I have a chronic condition. It’s called imposter syndrome. The only tribe of medicine that has ever extended group membership to me is the eclectic emergency physicians. Even with that, confidence and self-belief are issues that I have had to work on especially during Fellowship training. I had great supervisors, great peers and fantastic mentors who negated and mitigated all the less positive interactions, situations and people in practicing and learning medicine.
Some years on, my clinical identity is patient centred, I am active in education and training, in mentoring and in supporting mentoring in emergency medicine. I have a working hypothesis of wellness, if you like, based on a Code Blue/Resuscitation metaphor.
For years, we acted on trying to resuscitate (usually unsuccessfully) patients on the ward who had effectively died – no pulse/no breaths – a code blue. Then, after careful consideration, we asked, “What if we got to these patients before they lost their vital signs? Maybe it would result in better survival, in quantity and quality?” This was, at least for some – the MET/MERT response. Then, with further deliberation, the science was there to recognize the deteriorating patient (RDP) and we recognised that, by intervening at this time, we could even prevent high stakes incidents of near-death.

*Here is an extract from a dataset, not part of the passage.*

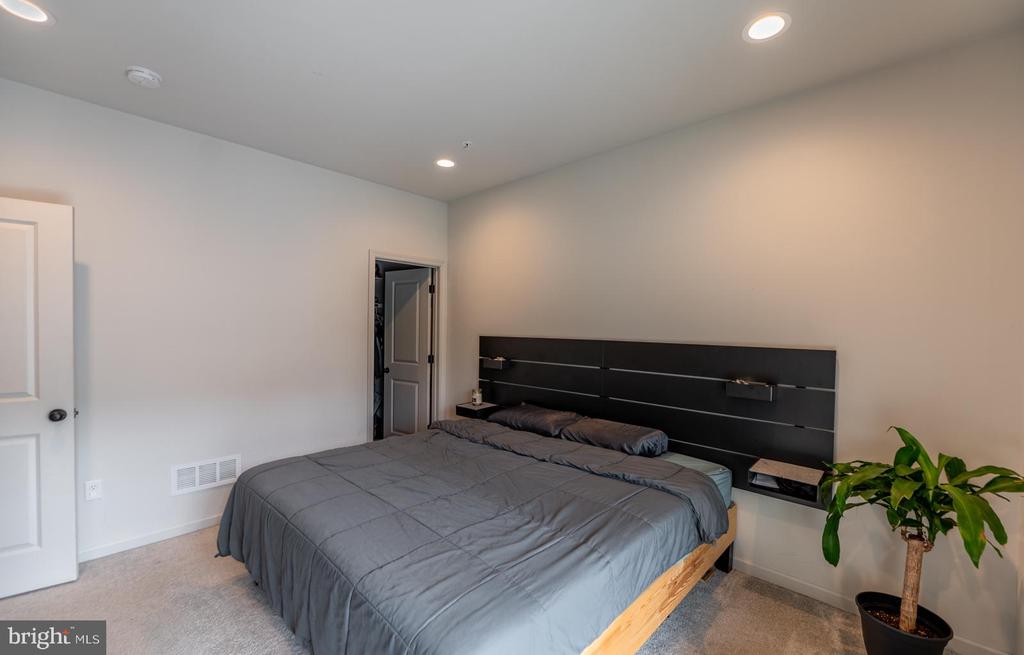 3089 DAVENPORT WAY Unit: M75 L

We now mostly monitor the sick and injured through recovery or resolution. Sometimes we even proactively promote health, rather than reactively respond to illness or injury.
So how does this act as a metaphor for wellness?
In my wellness experience at work, the Code Blue was the jarring news that a colleague had become physically or mentally unwell and no one had picked up the signs. Real harm had resulted. Everyone was shocked and reacted, but did not do anything to prevent the next event.
By contrast, the MERT is when a colleague would pull me into the drug room or the pan room and disclose the issue they were wrestling with, usually well advanced and needing fairly intensive input to help. Still reactive.
Then we started as individuals and groups to talk about human factors, and to identify risk and attributes that lead to or signify non wellness – the RDP model.
Next we invested in deliberate, supported, structured mentoring programs where all manner of topics and stressors could be dealt with. Realistically we are monitoring the situation and are now responsive cf reactive.
All of these modalities are supporting Wellness but it is time to intensify the momentum into effective, high-yield promotion of health and wellness, in the emergency medicine context – to hold open, empowered conversations about issues affecting us and our colleagues, and therefore our families and the general community.